Raising Kids to Be Their Best in Both Social Worlds
When I was young, if I made a new friend on vacation, we exchanged addresses to be pen pals. If our parents were willing to pay long distance, perhaps we’d exchange our phone numbers as well. These days, there are so many more ways to stay in touch that those pen pal days are almost completely long forgotten.
I recently returned from vacation in Mexico, with my husband and two sons, aged 10 and 12. As usual, both of my sons befriended a group of 8 kids, and spent the majority of their time with them. As the first week passed, these new friends were gradually heading back home to different places in the US, England and Ireland. Every single one of them wanted to stay in touch with one another. No longer did the home address become the first choice of communication. The parents looked on, as email addresses, cell phone numbers, Skype accounts, Facebook names, gamer tags, as well as Twitter and Instagram handles were being handed out. Of course, not every child had ALL of these options, but there was always a crossover somewhere. My boys have Skyped with the girl from England, have had email exchanges with a set of brothers from New York, and Facebook messaged a couple others.

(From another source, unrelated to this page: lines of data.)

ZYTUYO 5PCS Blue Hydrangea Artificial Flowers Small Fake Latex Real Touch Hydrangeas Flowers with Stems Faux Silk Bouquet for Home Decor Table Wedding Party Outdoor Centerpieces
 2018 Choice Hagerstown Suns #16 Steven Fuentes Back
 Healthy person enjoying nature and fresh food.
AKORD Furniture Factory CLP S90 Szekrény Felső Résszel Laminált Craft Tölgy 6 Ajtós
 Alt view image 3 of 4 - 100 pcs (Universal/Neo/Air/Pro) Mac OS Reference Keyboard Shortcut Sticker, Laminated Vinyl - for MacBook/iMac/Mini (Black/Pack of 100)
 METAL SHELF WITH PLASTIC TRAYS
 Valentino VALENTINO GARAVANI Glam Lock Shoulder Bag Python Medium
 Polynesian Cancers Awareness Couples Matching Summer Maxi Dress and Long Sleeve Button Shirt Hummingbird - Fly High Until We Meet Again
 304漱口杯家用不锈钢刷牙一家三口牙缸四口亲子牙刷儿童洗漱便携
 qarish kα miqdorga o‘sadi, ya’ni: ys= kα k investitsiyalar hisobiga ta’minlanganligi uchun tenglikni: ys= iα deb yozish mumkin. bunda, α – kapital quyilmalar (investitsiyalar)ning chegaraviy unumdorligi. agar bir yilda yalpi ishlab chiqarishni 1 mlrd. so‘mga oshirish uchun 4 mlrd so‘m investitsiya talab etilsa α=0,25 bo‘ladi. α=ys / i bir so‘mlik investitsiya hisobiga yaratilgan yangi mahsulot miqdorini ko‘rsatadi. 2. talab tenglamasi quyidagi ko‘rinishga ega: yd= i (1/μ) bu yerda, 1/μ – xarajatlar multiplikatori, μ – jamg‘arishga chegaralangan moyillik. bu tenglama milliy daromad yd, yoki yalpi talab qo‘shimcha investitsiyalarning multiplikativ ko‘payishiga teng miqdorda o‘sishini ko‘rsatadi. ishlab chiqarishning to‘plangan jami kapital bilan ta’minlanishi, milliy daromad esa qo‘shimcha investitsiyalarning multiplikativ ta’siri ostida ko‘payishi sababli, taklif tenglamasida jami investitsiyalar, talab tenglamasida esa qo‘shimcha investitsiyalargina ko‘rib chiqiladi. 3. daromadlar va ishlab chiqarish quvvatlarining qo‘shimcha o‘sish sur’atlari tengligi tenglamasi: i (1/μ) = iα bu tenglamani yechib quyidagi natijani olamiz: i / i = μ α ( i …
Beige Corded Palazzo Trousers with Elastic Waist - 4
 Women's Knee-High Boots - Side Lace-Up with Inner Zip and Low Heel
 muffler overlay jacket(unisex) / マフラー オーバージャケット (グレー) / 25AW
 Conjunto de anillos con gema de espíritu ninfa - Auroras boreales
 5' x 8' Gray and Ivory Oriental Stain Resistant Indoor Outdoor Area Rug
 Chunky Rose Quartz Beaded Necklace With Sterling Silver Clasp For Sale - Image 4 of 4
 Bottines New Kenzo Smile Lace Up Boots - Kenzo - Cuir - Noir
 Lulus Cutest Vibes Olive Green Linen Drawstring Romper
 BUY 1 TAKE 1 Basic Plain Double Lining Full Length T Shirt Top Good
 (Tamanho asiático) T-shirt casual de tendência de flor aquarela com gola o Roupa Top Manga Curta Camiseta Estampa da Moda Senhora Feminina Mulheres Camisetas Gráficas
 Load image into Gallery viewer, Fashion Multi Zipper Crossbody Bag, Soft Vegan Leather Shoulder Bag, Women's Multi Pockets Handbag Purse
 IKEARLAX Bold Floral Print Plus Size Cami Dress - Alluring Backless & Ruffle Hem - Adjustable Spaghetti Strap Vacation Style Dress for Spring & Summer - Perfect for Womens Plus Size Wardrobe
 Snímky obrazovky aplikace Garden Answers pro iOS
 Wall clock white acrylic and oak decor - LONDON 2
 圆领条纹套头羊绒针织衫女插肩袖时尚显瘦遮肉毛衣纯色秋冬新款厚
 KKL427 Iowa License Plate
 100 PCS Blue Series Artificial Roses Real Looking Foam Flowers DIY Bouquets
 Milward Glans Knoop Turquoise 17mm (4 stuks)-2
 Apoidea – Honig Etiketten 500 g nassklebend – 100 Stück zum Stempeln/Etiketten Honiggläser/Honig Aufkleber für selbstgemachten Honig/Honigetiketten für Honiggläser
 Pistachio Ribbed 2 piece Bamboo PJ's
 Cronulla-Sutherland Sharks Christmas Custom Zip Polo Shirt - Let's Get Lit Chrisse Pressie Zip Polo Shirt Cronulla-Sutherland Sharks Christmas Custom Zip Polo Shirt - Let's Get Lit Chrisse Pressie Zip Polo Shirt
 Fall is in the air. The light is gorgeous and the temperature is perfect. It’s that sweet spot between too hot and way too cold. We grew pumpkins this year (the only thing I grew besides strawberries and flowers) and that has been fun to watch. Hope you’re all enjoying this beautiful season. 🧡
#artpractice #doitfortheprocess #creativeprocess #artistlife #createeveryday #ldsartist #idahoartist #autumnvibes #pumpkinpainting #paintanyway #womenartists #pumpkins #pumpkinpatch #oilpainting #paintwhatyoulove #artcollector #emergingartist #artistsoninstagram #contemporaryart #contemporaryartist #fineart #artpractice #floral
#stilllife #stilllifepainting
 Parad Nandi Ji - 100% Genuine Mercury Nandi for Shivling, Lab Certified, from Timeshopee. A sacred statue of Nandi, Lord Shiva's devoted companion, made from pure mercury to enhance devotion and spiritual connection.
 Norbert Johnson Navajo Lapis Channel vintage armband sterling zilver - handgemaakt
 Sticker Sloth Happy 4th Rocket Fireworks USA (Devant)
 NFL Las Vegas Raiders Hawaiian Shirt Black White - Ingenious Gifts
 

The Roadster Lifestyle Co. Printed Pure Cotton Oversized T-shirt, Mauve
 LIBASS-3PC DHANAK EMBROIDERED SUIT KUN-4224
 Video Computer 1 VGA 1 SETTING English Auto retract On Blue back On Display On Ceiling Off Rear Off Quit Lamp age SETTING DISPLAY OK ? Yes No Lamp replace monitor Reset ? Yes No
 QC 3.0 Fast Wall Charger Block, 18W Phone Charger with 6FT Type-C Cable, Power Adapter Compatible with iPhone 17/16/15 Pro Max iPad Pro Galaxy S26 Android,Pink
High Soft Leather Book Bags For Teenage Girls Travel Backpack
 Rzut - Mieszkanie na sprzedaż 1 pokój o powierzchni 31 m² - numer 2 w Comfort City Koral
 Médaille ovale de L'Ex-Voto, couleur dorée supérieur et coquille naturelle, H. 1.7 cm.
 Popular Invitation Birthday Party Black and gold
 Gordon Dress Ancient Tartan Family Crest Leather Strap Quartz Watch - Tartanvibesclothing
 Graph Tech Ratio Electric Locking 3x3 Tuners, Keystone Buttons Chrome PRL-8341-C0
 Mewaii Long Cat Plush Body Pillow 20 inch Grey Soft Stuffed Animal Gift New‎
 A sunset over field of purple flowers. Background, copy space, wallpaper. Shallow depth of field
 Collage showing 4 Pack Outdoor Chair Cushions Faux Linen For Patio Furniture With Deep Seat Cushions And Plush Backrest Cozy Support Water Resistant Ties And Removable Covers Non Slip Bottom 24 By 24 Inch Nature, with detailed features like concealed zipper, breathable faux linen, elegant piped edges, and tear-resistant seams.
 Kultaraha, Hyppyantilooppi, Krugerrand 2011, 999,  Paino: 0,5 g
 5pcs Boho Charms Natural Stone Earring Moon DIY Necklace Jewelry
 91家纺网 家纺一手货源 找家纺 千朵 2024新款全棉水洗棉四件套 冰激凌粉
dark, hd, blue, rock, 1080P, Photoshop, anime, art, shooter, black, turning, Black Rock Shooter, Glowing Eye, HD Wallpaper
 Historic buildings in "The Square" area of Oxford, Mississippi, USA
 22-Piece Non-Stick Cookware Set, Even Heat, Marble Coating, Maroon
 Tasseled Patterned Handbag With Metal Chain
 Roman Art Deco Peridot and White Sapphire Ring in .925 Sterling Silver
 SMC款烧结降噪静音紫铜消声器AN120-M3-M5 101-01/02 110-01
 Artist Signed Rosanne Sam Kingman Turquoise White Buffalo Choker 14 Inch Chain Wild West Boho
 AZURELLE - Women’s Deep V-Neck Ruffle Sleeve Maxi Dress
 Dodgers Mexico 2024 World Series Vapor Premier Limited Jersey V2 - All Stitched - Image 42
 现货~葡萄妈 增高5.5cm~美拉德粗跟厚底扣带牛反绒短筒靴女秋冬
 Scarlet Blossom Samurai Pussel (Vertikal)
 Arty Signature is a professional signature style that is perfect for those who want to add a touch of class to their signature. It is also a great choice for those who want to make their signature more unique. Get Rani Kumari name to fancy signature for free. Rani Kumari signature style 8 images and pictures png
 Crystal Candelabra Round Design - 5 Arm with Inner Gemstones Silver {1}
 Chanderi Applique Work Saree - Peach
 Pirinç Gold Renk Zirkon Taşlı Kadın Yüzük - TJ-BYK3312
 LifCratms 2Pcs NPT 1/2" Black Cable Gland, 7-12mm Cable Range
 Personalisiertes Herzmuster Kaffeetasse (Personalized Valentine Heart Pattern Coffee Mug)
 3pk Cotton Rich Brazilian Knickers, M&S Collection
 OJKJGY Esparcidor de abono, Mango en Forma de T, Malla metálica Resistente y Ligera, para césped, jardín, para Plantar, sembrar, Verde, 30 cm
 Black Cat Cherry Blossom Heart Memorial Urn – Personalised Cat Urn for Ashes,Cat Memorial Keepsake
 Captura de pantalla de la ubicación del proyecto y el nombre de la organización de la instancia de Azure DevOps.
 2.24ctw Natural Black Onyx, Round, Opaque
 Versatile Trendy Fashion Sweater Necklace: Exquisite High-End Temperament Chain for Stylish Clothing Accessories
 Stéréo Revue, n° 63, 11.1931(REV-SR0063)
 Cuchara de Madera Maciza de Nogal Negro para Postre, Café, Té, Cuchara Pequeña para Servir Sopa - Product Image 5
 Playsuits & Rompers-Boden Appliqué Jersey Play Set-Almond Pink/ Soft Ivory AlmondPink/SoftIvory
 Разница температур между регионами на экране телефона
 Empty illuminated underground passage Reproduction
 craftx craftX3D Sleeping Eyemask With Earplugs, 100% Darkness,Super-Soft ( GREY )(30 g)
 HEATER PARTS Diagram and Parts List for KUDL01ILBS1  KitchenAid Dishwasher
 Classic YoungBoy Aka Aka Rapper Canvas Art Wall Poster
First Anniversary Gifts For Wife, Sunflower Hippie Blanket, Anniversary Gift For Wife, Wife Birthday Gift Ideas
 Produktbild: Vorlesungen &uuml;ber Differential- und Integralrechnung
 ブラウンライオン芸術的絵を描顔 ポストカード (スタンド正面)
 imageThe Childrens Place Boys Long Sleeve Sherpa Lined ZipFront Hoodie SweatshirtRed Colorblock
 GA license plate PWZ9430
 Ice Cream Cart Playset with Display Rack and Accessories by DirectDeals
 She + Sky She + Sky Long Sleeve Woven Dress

All of these new technological options have opened up so many means of communication, and many people are in fear that our children will grow up without knowing how to properly socialize without these gadgets. As parents, we try to ensure our boys have both options. They are active in sports, and spend a lot of time outside with their friends. We have family dinners each night- no gadgets, no TV, just us. When it comes to social media, we monitor usage – no friend requests can be accepted without our knowing who they are, and we have the ability to log into any account they have. Trust is the most important factor in raising kids in this new social/tech driven world, but they must understand that trust is earned and not given, and it goes both ways. I personally have no fear that my boys will grow up to be socially awkward, as I know that we are teaching them the best ways to use the tools we have been provided. Without all of these options, they very likely would have lost the friendships they formed, and because of them may now have these new bonds forever. They will grow up knowing how best to use these tools, and when a personal or “technological” means is most appropriate. And they’ll be more effective at communicating than even their parents.